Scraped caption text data
=== Begin Enclosure ===

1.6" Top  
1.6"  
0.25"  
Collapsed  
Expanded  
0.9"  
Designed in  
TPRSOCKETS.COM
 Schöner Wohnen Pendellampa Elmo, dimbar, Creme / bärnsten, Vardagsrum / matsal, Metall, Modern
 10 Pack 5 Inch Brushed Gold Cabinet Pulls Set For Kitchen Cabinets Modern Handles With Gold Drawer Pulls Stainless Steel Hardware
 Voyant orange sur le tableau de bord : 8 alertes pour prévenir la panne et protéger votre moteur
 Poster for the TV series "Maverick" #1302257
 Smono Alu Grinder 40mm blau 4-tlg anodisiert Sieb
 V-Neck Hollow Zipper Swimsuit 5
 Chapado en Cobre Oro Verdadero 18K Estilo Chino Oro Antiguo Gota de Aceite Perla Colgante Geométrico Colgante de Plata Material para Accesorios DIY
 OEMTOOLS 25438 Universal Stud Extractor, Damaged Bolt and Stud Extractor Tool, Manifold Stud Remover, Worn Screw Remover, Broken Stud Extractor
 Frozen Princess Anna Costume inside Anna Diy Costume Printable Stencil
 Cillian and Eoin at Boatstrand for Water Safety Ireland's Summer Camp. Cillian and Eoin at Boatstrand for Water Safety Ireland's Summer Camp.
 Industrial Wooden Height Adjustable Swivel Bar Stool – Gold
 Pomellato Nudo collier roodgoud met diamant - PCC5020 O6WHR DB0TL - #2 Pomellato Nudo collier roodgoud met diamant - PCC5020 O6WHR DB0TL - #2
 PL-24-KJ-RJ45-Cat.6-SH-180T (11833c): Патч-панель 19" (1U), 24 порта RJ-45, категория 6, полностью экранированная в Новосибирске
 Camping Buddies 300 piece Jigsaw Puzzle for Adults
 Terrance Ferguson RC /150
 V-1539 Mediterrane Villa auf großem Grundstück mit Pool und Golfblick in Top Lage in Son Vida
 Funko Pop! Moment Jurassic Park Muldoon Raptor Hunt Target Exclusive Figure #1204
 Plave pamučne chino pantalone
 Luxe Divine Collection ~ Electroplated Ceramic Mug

=== End Enclosure ===

Tally the lines of the records above that contain the word "Gold". Give only the total.

### RESPONSE FOR THIS EXERCISE
2